-- EXERCISE BRIEF --
Taking the data below, please print only the lines from the line holding "Plataforma de Escenario" to the line holding "Butterflies, roses, gemstones", inclusive, with pictures omitted.

-- INPUT RECORDS --
+ + + + + + +
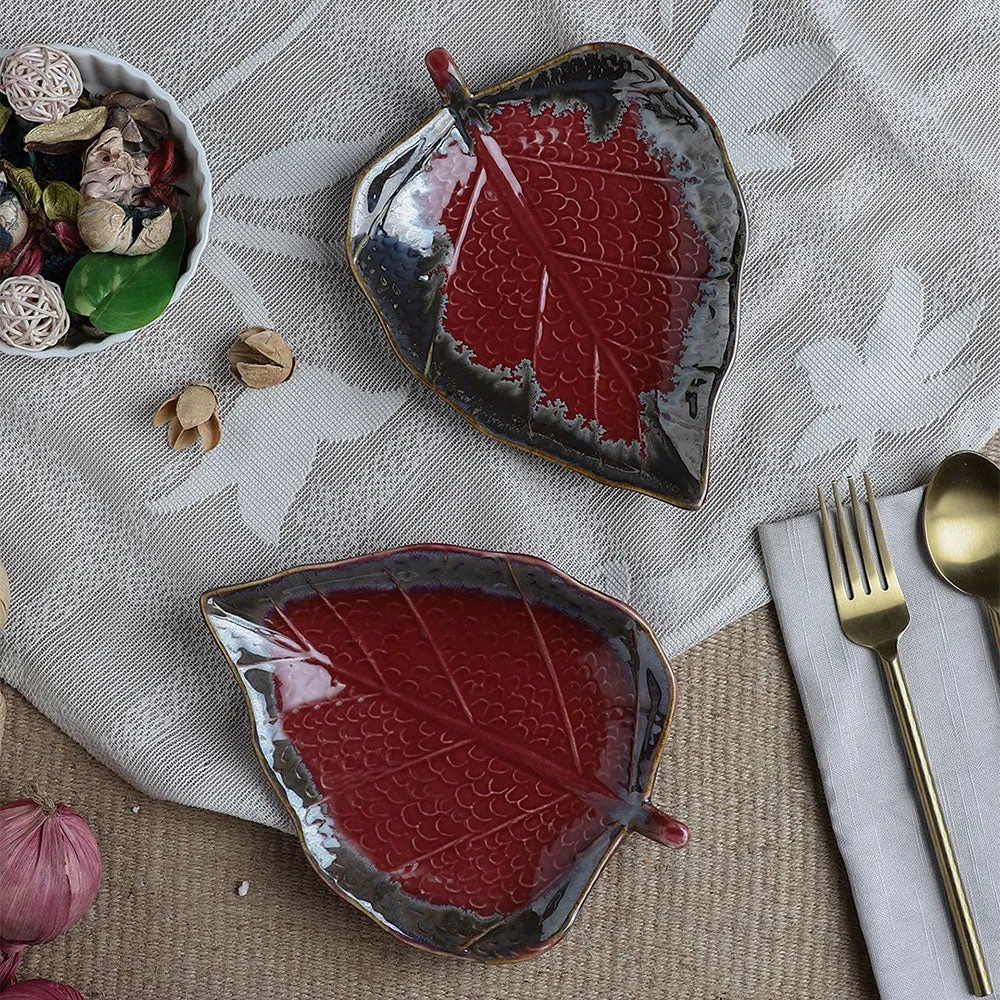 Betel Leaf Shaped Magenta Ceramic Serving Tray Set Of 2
+ + + + + + +
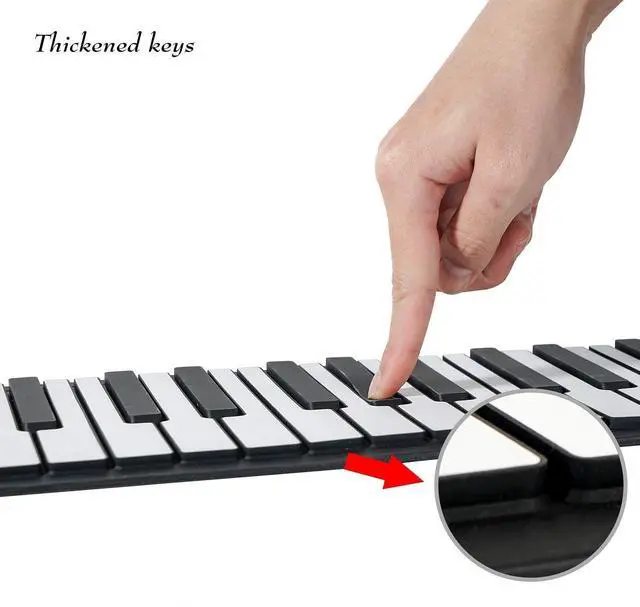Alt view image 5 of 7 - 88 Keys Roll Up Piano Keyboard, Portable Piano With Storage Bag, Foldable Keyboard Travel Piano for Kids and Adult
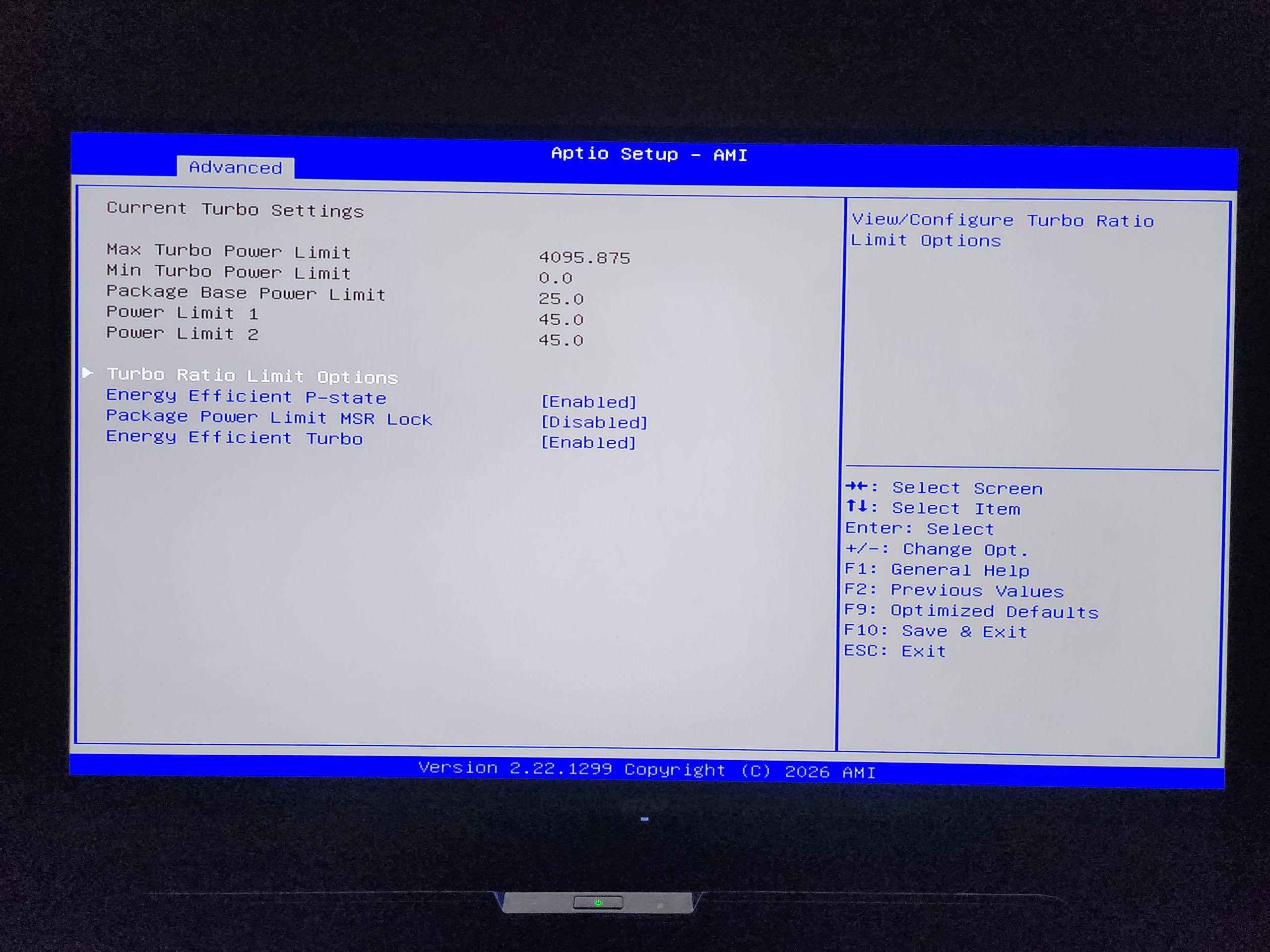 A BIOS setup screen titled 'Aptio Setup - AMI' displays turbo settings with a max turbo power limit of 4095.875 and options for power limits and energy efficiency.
+ + + + + + +
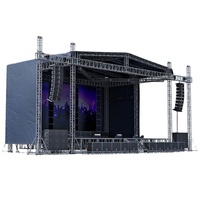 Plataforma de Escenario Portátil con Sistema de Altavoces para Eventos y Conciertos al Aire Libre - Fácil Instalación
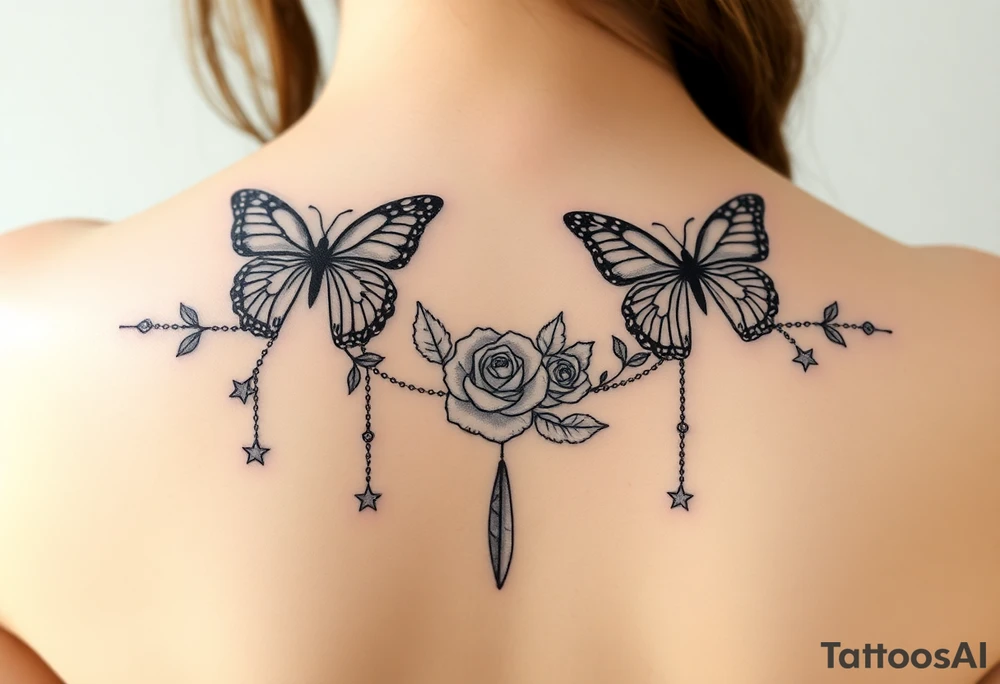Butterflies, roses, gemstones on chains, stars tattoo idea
+ + + + + + +
-- REPLY TO THE TASK --
 Plataforma de Escenario Portátil con Sistema de Altavoces para Eventos y Conciertos al Aire Libre - Fácil Instalación
Butterflies, roses, gemstones on chains, stars tattoo idea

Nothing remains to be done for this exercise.